__Data for this exercise__
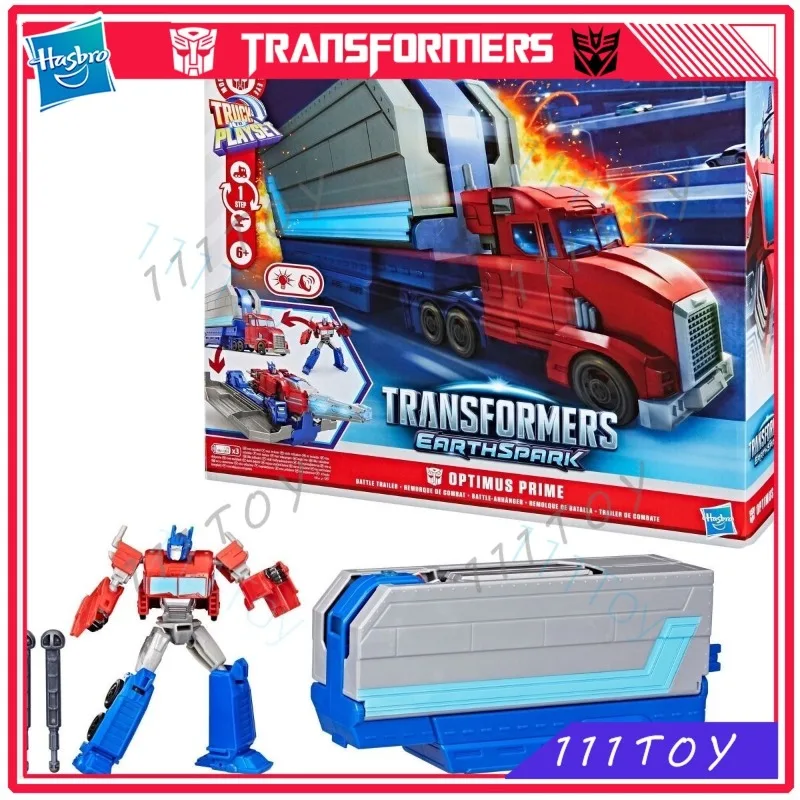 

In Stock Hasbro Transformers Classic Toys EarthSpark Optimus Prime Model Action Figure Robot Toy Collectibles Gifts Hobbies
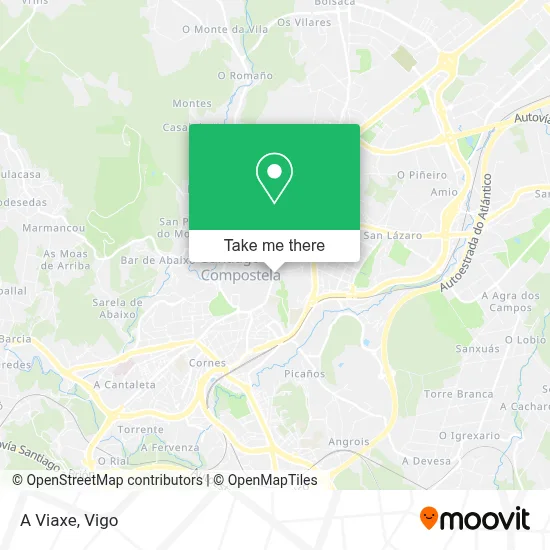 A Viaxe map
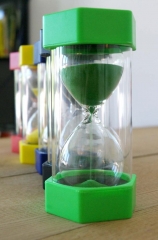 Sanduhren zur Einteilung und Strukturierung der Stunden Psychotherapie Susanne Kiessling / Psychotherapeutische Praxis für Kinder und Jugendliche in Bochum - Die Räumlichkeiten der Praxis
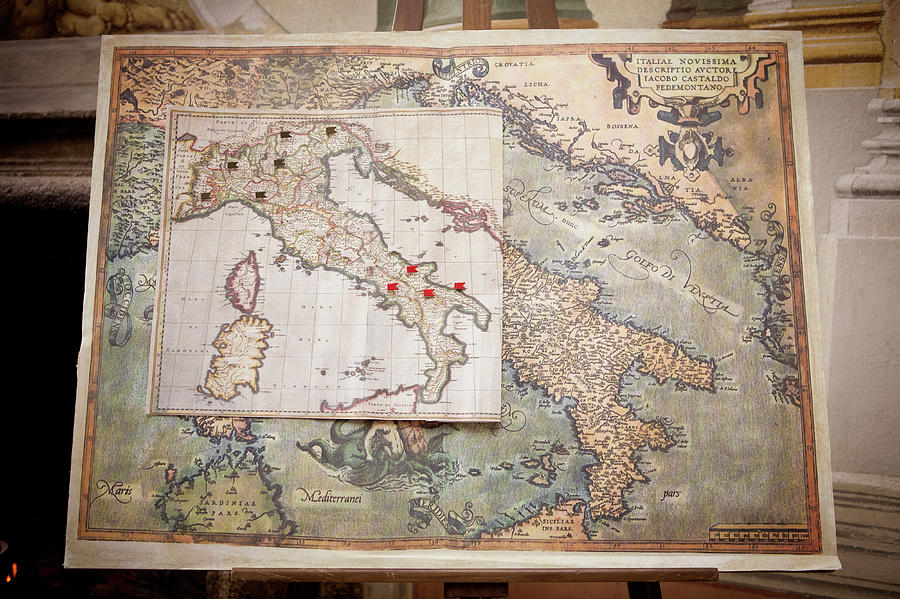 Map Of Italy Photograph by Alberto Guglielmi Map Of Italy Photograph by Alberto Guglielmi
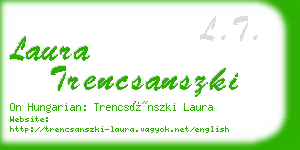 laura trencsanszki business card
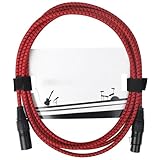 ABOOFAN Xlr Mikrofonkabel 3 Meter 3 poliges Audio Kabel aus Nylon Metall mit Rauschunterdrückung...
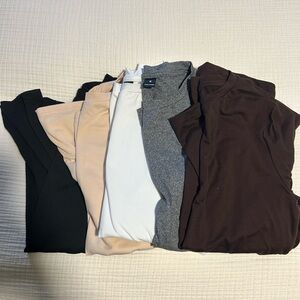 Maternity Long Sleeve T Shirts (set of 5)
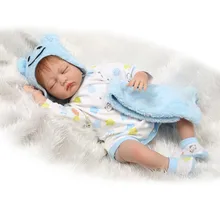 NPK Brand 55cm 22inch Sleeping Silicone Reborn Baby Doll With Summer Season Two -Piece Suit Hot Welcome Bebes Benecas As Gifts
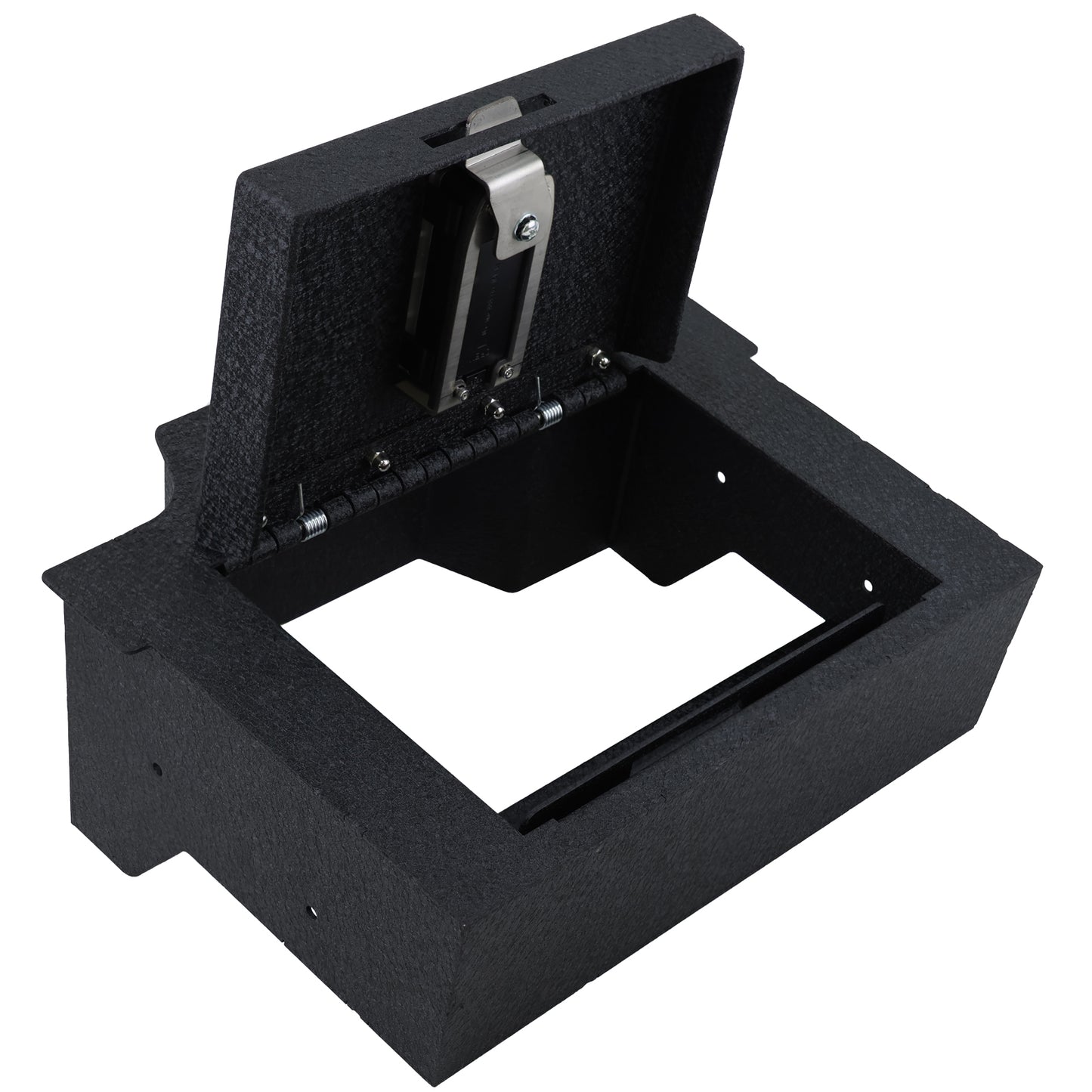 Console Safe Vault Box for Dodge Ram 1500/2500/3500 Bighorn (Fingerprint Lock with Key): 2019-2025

__What is required__
Retype, word for word, only the lines from the line with "Map Of Italy Photograph by Alberto Guglielmi Map" to the final line of the listing above; the pictures do not belong in the copy.

__Result of the task__
 Map Of Italy Photograph by Alberto Guglielmi Map Of Italy Photograph by Alberto Guglielmi
 laura trencsanszki business card
 ABOOFAN Xlr Mikrofonkabel 3 Meter 3 poliges Audio Kabel aus Nylon Metall mit Rauschunterdrückung...
 Maternity Long Sleeve T Shirts (set of 5)
 NPK Brand 55cm 22inch Sleeping Silicone Reborn Baby Doll With Summer Season Two -Piece Suit Hot Welcome Bebes Benecas As Gifts
 Console Safe Vault Box for Dodge Ram 1500/2500/3500 Bighorn (Fingerprint Lock with Key): 2019-2025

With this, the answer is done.